## MATERIAL SHOWN
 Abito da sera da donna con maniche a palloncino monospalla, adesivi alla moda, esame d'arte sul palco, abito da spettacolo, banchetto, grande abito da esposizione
---
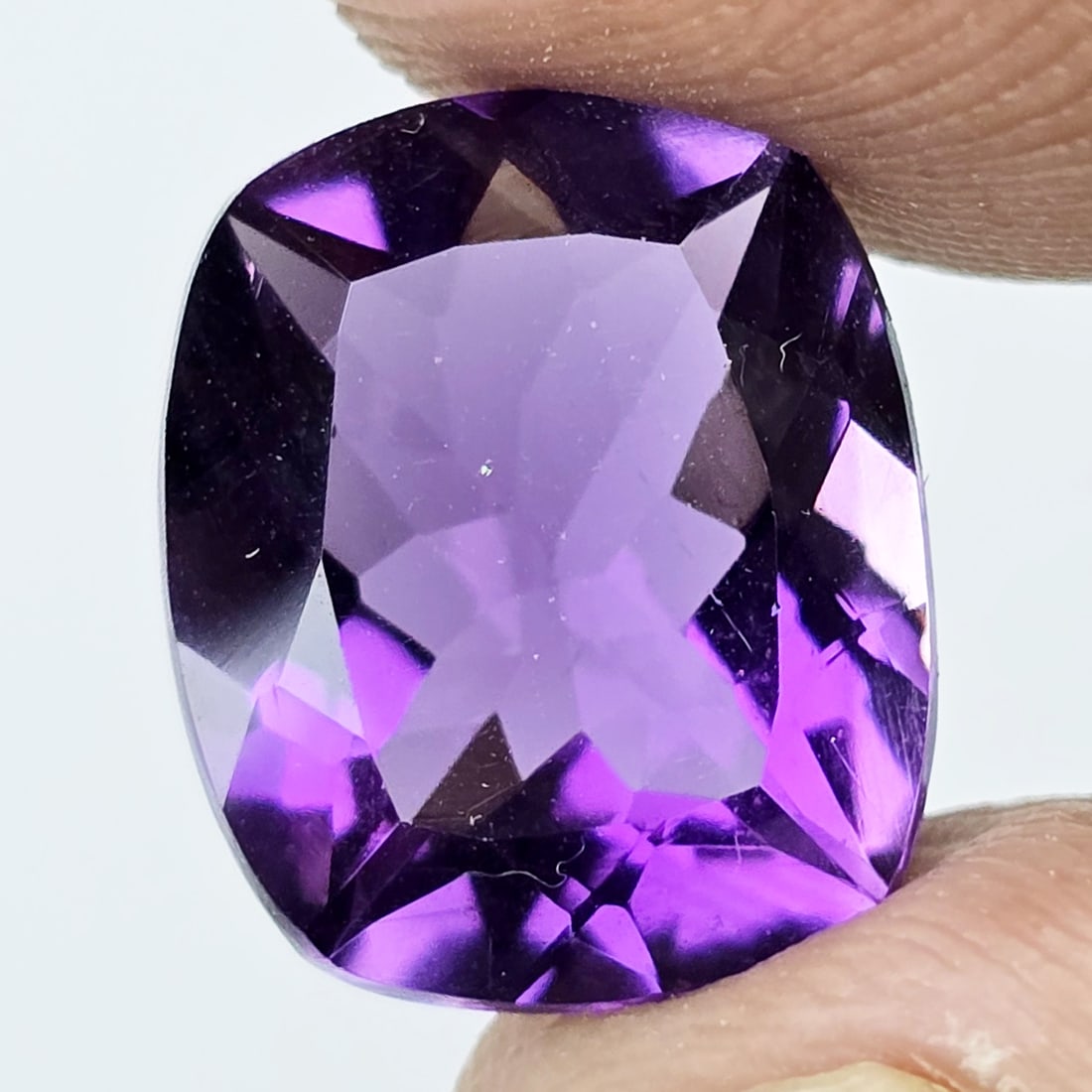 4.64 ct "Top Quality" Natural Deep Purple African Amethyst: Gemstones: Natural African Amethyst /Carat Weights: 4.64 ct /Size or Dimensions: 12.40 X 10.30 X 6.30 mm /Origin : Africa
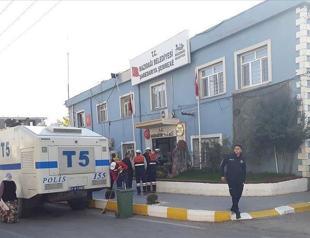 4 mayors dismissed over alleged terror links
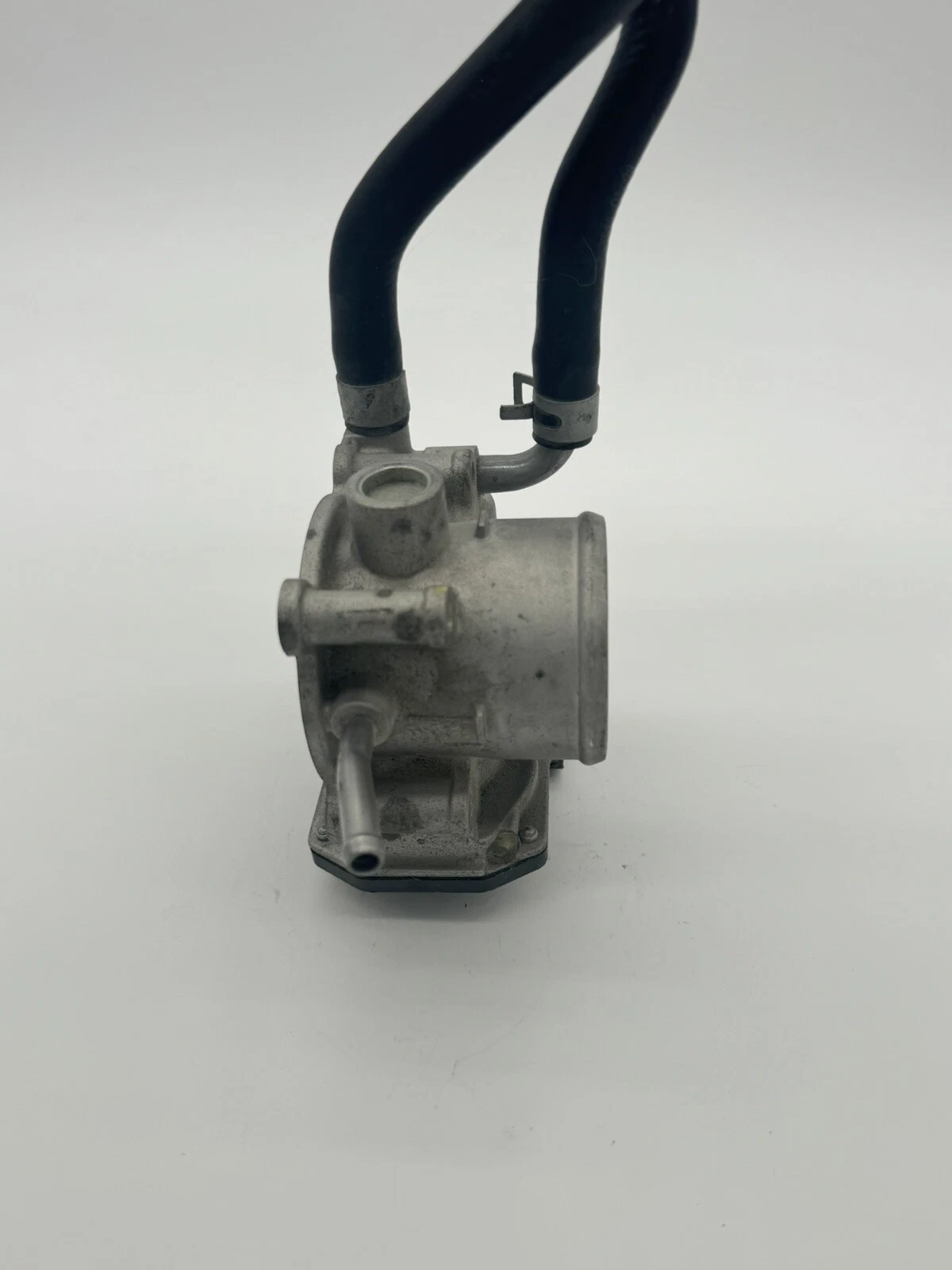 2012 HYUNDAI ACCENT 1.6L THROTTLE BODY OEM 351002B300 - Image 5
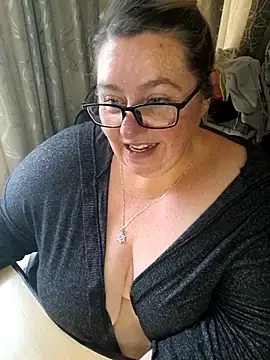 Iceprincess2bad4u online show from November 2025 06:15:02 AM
---
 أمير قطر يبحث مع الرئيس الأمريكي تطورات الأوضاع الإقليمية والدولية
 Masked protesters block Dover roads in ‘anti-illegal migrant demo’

## WHAT TO PRODUCE
Give again the stretch of the entries above that begins at the line with "mm /Origin : Africa" and ends at the line with "2012 HYUNDAI ACCENT", word for word, with no pictures.

## ANSWER BOX
 4.64 ct "Top Quality" Natural Deep Purple African Amethyst: Gemstones: Natural African Amethyst /Carat Weights: 4.64 ct /Size or Dimensions: 12.40 X 10.30 X 6.30 mm /Origin : Africa
 4 mayors dismissed over alleged terror links
 2012 HYUNDAI ACCENT 1.6L THROTTLE BODY OEM 351002B300 - Image 5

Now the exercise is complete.